Comment fait-on pour rendre Montréal intelligente?
Un plan de match précis sera établi d’ici la fin de l’année. Il sera piloté par le Bureau de la ville intelligente, une équipe qui comptera à terme cinq personnes chargées de trouver ce qui se fait de mieux ailleurs et de voir comment on pourrait l’appliquer ici. Par exemple, à Toronto, le système 311 permet aux citoyens d’envoyer des requêtes par cellulaire, par Twitter ou par courriel. Pas juste par téléphone. Leur service est directement connecté avec la Direction des travaux publics ce qui n’est pas le cas à Montréal où il n’y a pas non plus d’échange d’information sur le degré d’avancement de la résolution du problème. On devra aussi notamment réfléchir à l’axe de la collaboration. À New York, on met par exemple les utilisateurs des bibliothèques à contribution pour le développement de certaines applications.
Montréal est-elle prête à libérer des données sensibles comme celles des logements insalubres?
Montréal a jusqu’ici beaucoup avancé sur les questions logistiques. On a ainsi adopté une politique sur les données ouvertes et créé une plateforme de diffusion des données. Mercredi, on a adhéré à une licence commune avec le gouvernement et certaines municipalités qui facilitera le travail des programmeurs. Il reste effectivement du travail à faire pour rejoindre des villes comme New York qui a déjà relâché près de 1000 blocs de données, alors que Montréal en est à environ 70. Il s’agit d’une question de gouvernance, mais on va corriger cela, car on a un parti pris pour la libération des données.

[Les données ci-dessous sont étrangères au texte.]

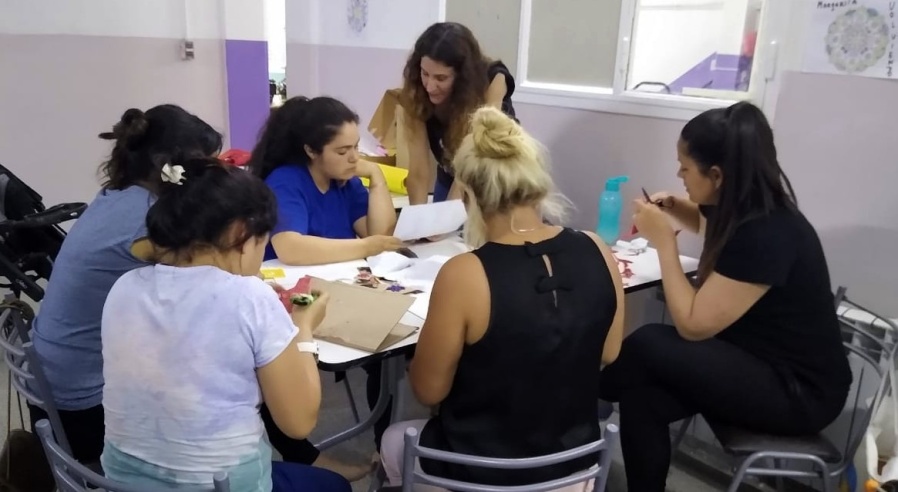 La Municipalidad realiza talleres para buscar la inserción laboral de mujeres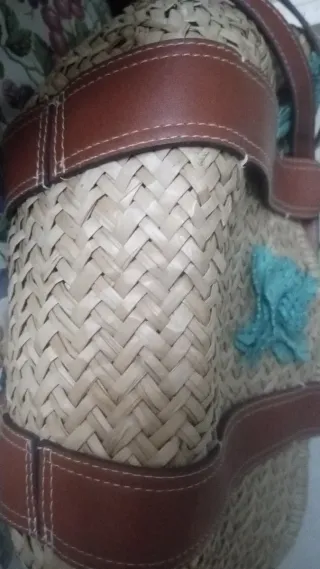 Bolso de mimbre con adornos florales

Comment soulignera-t-on la journée des données ouvertes samedi à Montréal?
Il y a plusieurs ateliers. On parlera du rôle des données ouvertes dans le système d’appels d’offres du gouvernement, dans les inspections de salubrité des restaurants ou dans le dossier du rôle d’évaluation foncière et des taxes. Il y aura aussi un hack-a-thon, où de nouvelles applications seront créées à partir de données ouvertes. La Ville de Montréal est partenaire de l’évènement qui est organisé par Montréal ouvert.